ODP: The need for a new selection process

Recruiting Articles - Youth Soccer Preparation
Written by Jamil Walker Friday, 03 August 2007
Every serious soccer-playing kid in the United States strives to play ODP.  Created in 1977, the Olympic Development Program strives "to identify a pool of players in each age group from which a National Team will be selected for international competition; to provide high-level training to benefit and enhance the development of players at all levels; and, through the use of carefully selected and licensed coaches, develop a mechanism for the exchange of ideas and curriculum to improve all levels of coaching."  30 years after its creation the question must be asked, how well has the ODP system identified and developed the talent of the American youth at all levels?    

According to the president of US Youth Soccer, David Messersmith, "More children in the United States are participating in organized soccer than any other sport."  If this is true, why is American soccer so underdeveloped?  Why is MLS play so consistently unimaginative and why are American soccer players, with a few exceptions, best known for being athletic and fit?  It is not for lack of interest nor is it for lack of trying; At the most fundamental level, it is because of ODP.

The problems with ODP begin with the selection process.  

To begin with, tryout sessions for the beginning stages of ODP are short, often lasting only a few hours.  Players are expected to demonstrate their abilities through small and full-sided games with players they have often never met before.  Because of this, there is a natural tendency for players from the larger club teams to be advantaged.  Having experience playing with each other allows them to focus on play with each other in these games at the expense of the player from a small club.  It is not enough for the small club unknowns to have the skill.

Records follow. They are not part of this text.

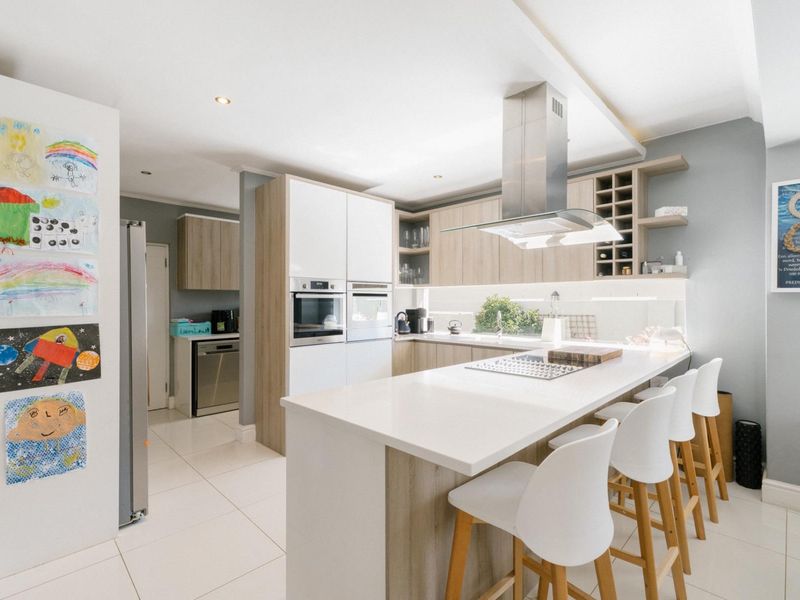 Modern Luxury in Avalon Estate - Photo 10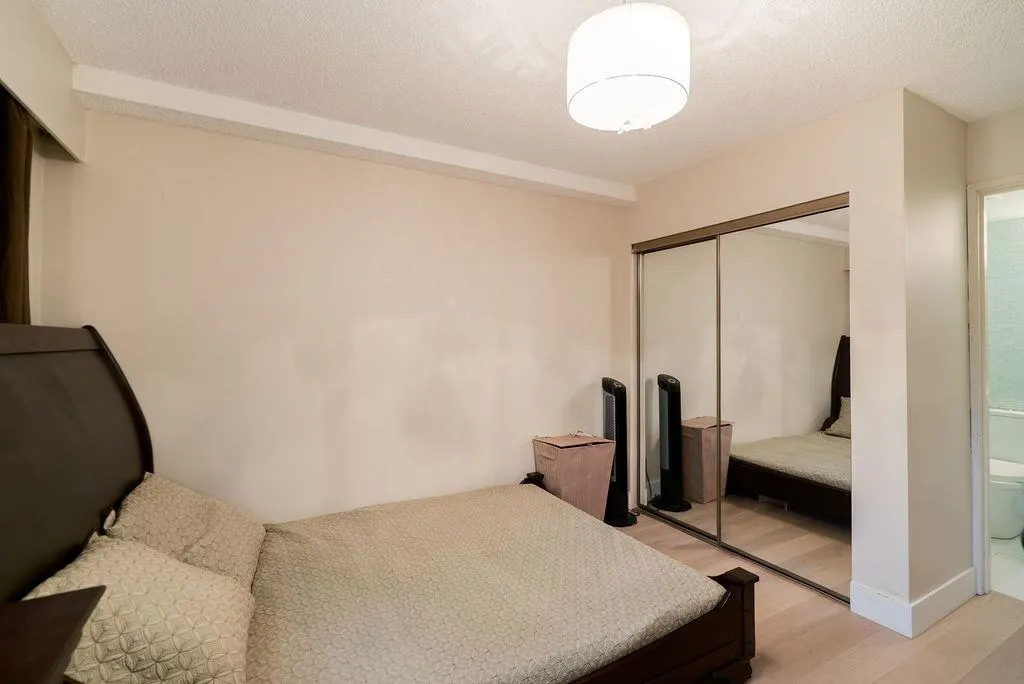 2190 W 8th Avenue #102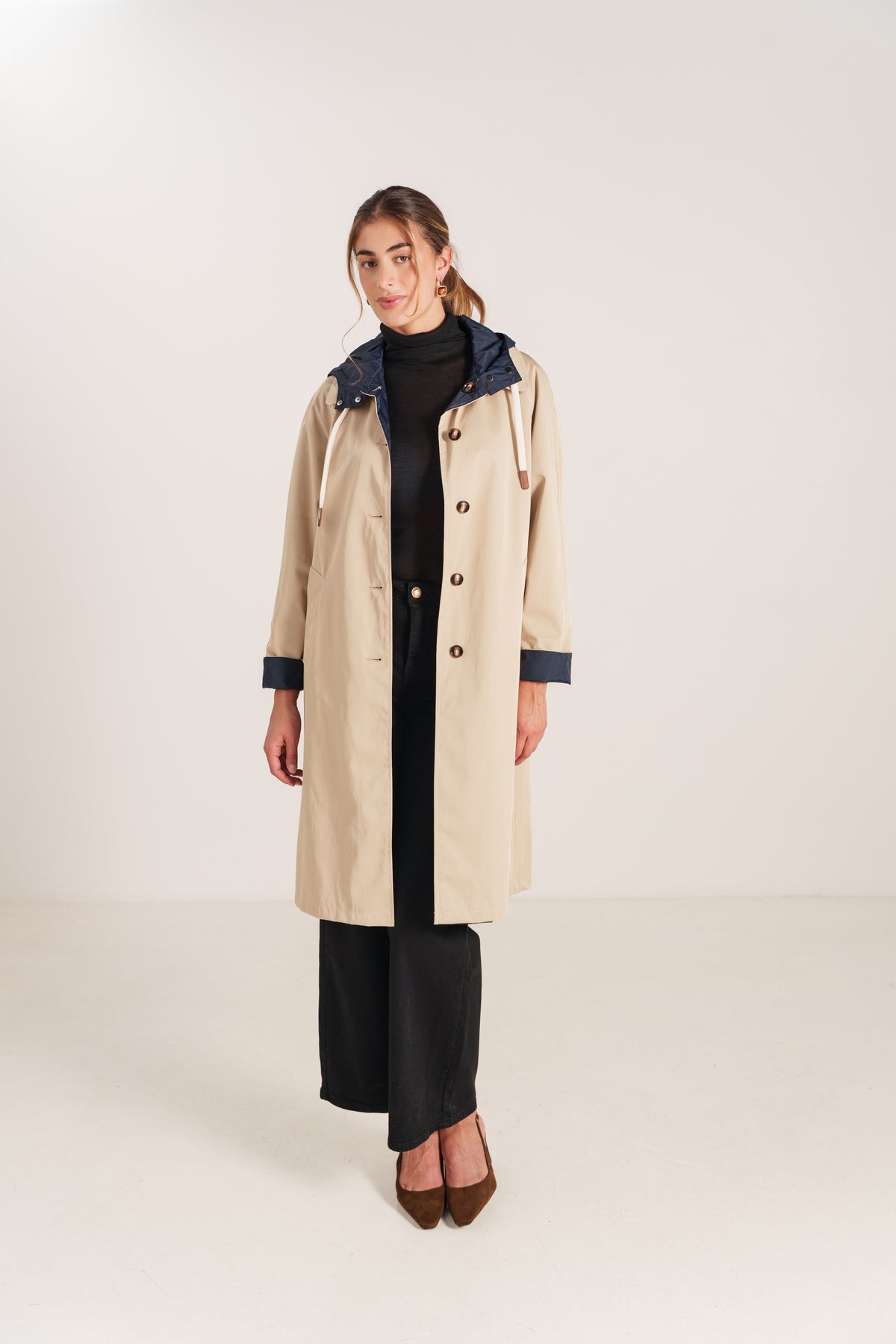 VENUS parka longue coton imperméable réversible marine femme - Escandelle Paris (silhouette entière)
#couleur_marine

There is also the problem of artificial playing scenarios, or tryouts.  This is common in most American sports and is not likely to be discarded, but it should be.  Like full national team players, ODP coaches should select players based on player performances for their club teams.  Although this will take more dedication on the half of coaches, driving to games and watching a range of quality, it will enable players to shine where they should, in competitive matches with their teams and against real opponents.  
        
This change would also help to eliminate the current bias towards players with previous success in the system.  As it is, ODP does not allow for players who were unsuccessful one year to be as competitive the next.  Players who made the team the first year play better together in tryouts the second year, and on.  Within a few years, and at very young ages, people who made the team the first year have had access to training, games and coaches that have enabled them to develop.  This in itself is a part of the reason for having ODP.  

However, because ODP tryouts begin at such a young age, there is a bias toward players who have physically matured earlier.  Thus, in many instances the "best" players at 12 (often because of size and speed) are average players at 16.  Yet, by the nature of the system, a player who did not make the team in the early years has little chance to make the team later.  As such, ODP is allowing for players to slip through the cracks.

A final criticism of the selection process is the discriminatory aspect of ODP.  Having tryouts on the weekends at specific locations and often demanding fees from players encourages certain groups of players to be involved.  These players tend to be middle and upper-middle class kids from the suburbs.  There parents are the ones looking for the tryout notifications, driving their kids to the random locations and paying the fees for tryouts, state and regional teams.  

Excluded are kids from lower income communities, immigrant communities and people who are not tapped into the ODP system.  This leads to a situation where the players making ODP teams are those searching out for the team.  This should not be the case.  The ODP selection process should be redesigned so that coaches find the players, not the reverse.  Only then will we discover and develop the players we need to become a true power on the international stage.